Родольф. Полно, коварная, ведь ты отлично знаешь — я от тебя без памяти, но ты должна извиваться, корчиться, царапать меня и биться в мелких судорогах, как подобает страстной женщине.

Госпожа де М***.Нечего сказать, премило! Право, Родольф, вы лишены здравого смысла.

(Тут Родольф доказывает ей, что, хоть у него и нет здравого смысла, зато этот пустяковый недостаток искупается более блестящими достоинствами.)

Госпожа де М*** (разнеженная, лепечущая).Ах, Родольф, вы были бы обворожительны, если б захотели стать таким, как все.

Родольф (по-прежнему преследуя свою цель).Киприана, умоляю, укуси меня!

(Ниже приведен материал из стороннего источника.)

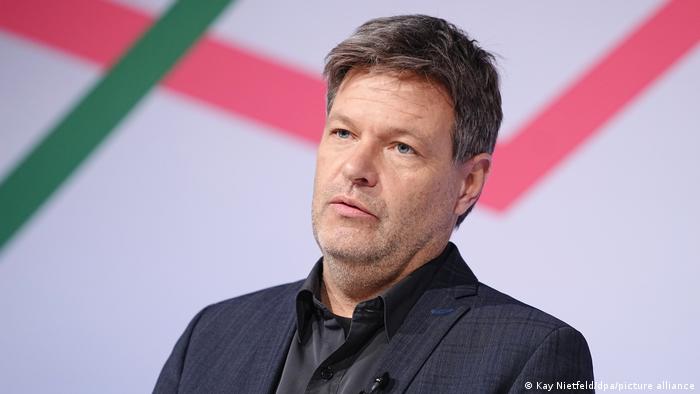 Habeck očekuje naftni embargo za "nekoliko dana"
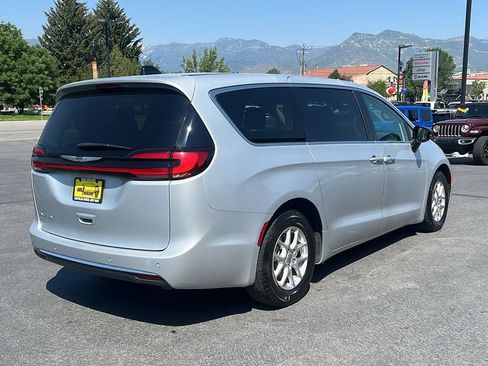 Used 2024 Chrysler Pacifica Touring-L FWD image 5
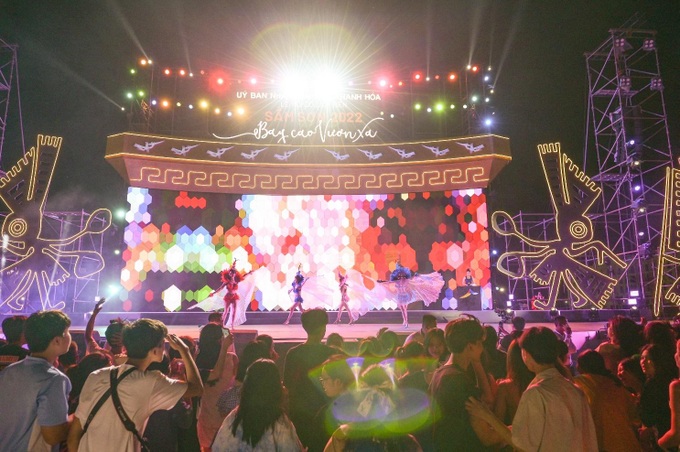 Nồng nhiệt và sâu lắng trong đêm nghệ thuật Sun Fest thứ 9 với chủ đề nhạc Bolero - 4 Nồng nhiệt và sâu lắng trong đêm nghệ thuật Sun Fest thứ 9 với chủ đề nhạc Bolero - 4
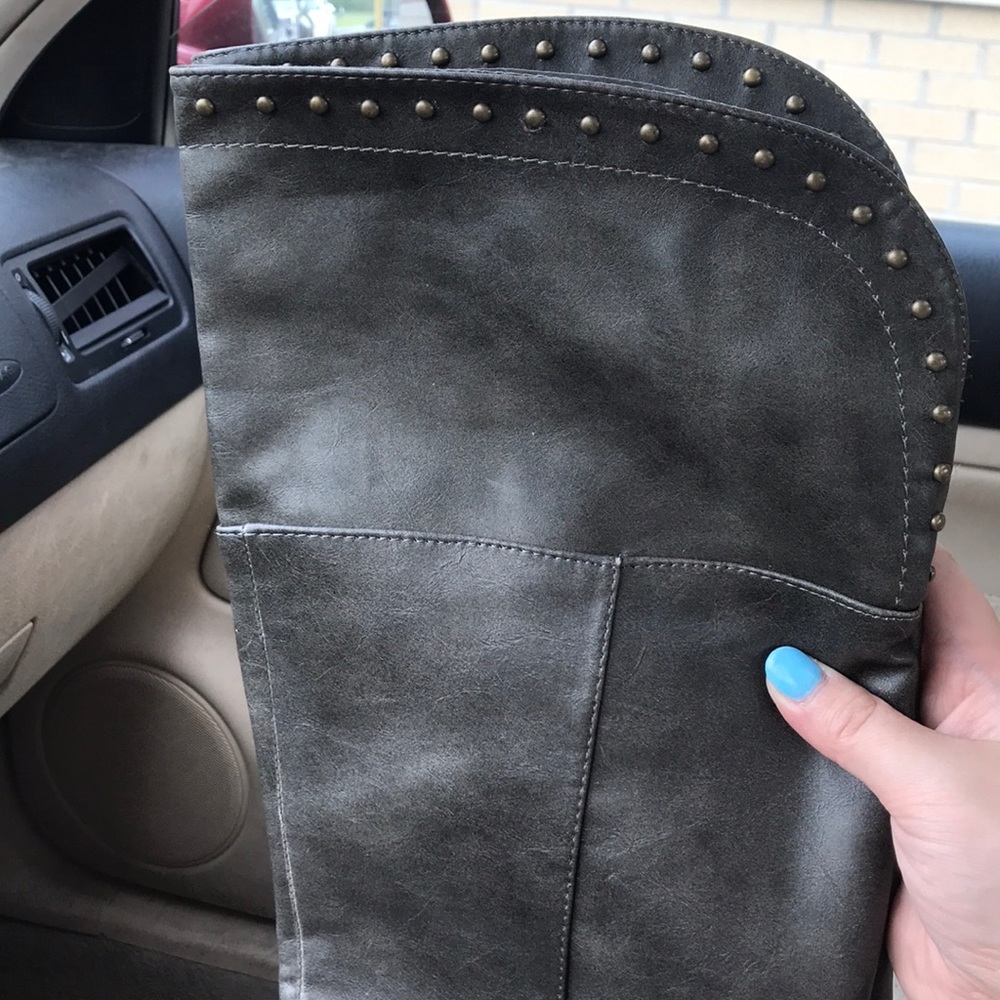 Boots - Picture 3 of 4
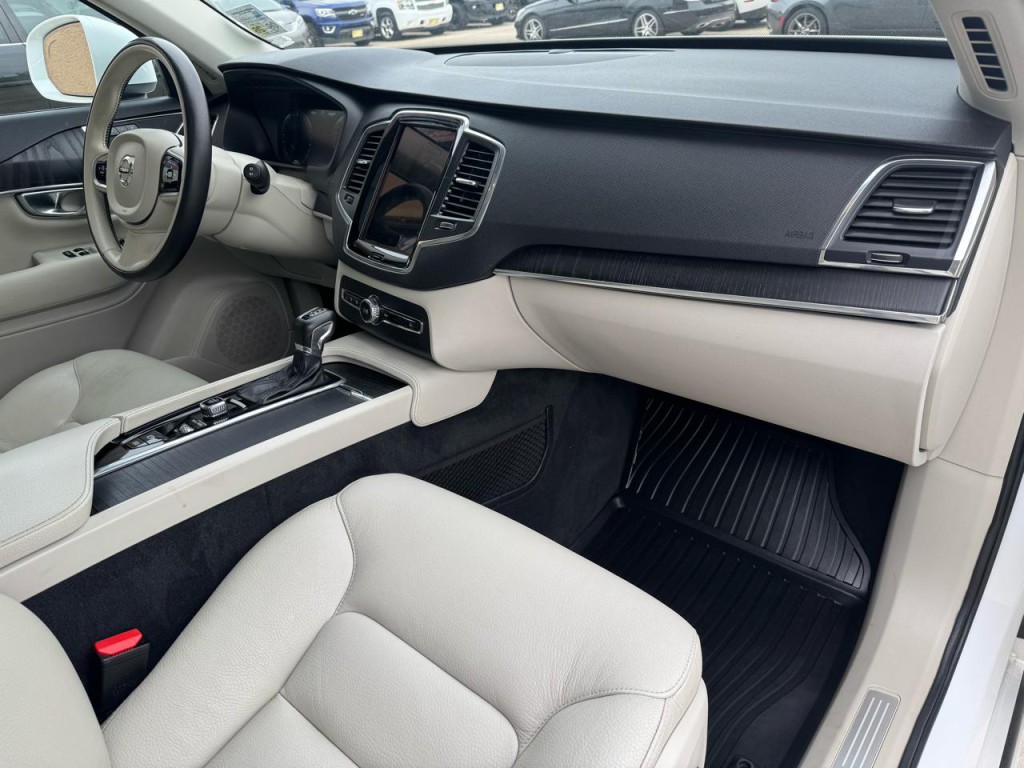 2020 Volvo XC90 Image 43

(Всем известно из барселонской баллады, поэмы «Альбертус» и прочих трансцендентальных поэтических творений, что любовники-романтики отчаянно кусаются, едят одни лишь бифштексы, вырезая их друг из друга в минуты страсти. Осмелюсь, однако, заметить господам поэтам и прозаикам — последователям новой школы, что все это уже существовало у классиков; всем известно «memorum dente notam» [20]сьера Горация, и если бы мы не опасались показаться хвастливыми эрудитами, мы бы привели сотни две отрывков из творений латинских и греческих поэтов к вопросу об укусах, царапаньях.)

Госпожа де М***.Хочешь, я тебя поцелую (целует его),но кусать ни за что не стану; я слишком тебя люблю, чтобы причинить тебе боль.

Родольф. Боль? Кинжал в меня вонзи — все от тебя мне радость. Ну, укуси меня, что тебе стоит?

Госпожа де М***.Если только это тебя потешит, то изволь, душа моя, — подставь щечку.

Родольф (в приливе радости).Готов поплатиться жизнью и на этом и на том свете, только бы исполнять малейший твой каприз.

Госпожа де М***.Бедный мой дружок!

(Приближает губы к щеке Родольфа и чуть-чуть прикасается к ней острыми перламутровыми зубками, затем, откинув голову, хохочет, как безумная, и растирает рукой белое пятнышко — след от зубов.)

Родольф. Вот это славно, львица моя! Очередь за мною!

(Кусает ее в шею, и не шутки ради.)

Госпожа де М***.Ай, ой! Родольф, сударь! Перестаньте, да вы просто бешеный, вы забыли всякое приличие! Как вы себя ведете! Синяк не сойдет за целую неделю, и мне нельзя будет выйти в открытом платье, а я звана на три вечера.